Wednesday, April 15, 2020

Winning by Losing

QB's Mahomes and Garoppolo after the game (Chron photo)
When the 49ers lost the Super Bowl to the Chiefs on February 2nd, Bay Area fans were, of course, disappointed.

But not too badly.
  • The 49ers had far outperformed expectations for the season.
  • It was a terrific game that wasn't decided until the final minutes.
  • The 49ers have a good, young team that should make them contenders for years.
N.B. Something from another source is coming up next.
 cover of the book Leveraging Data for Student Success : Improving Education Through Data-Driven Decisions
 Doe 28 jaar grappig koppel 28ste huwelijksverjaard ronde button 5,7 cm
    2017 Warriors parade, Oakland (WSJ photo)
    Now comes the report that many lives were possibly saved because the 49ers did not have a victory parade:
    It’s impossible to know precisely how many people would have packed the streets to fete quarterback Jimmy Garoppolo, coach Kyle Shanahan and the rest of the 49ers. But it’s possible to offer a rough estimate: a lot of people.

    When the Golden State Warriors won their three recent championships, the parades in Oakland attracted reported crowds of between 500,000 to 1.5 million fans.
    But wasn't San Francisco's gain Kansas City's loss? Not this time.
    ...the Chiefs winning the Super Bowl turned out to be a public health savior. Kansas City happened to be one of the last NFL cities to report its first case of the virus, and the hundreds of thousands of long-suffering fans who celebrated on Feb. 5 were about six weeks behind San Francisco. Not until March 18 did Kansas City report its first case. Bay Area residents had been ordered to shelter-in-place by then.
    San Francisco fans lamented that Kansas City quarterback Patrick Mahomes was perhaps the only player in the league who could have overcome a 10-point lead against the 49er defense in the fourth quarter.

    Thank God he was there, as both cities won.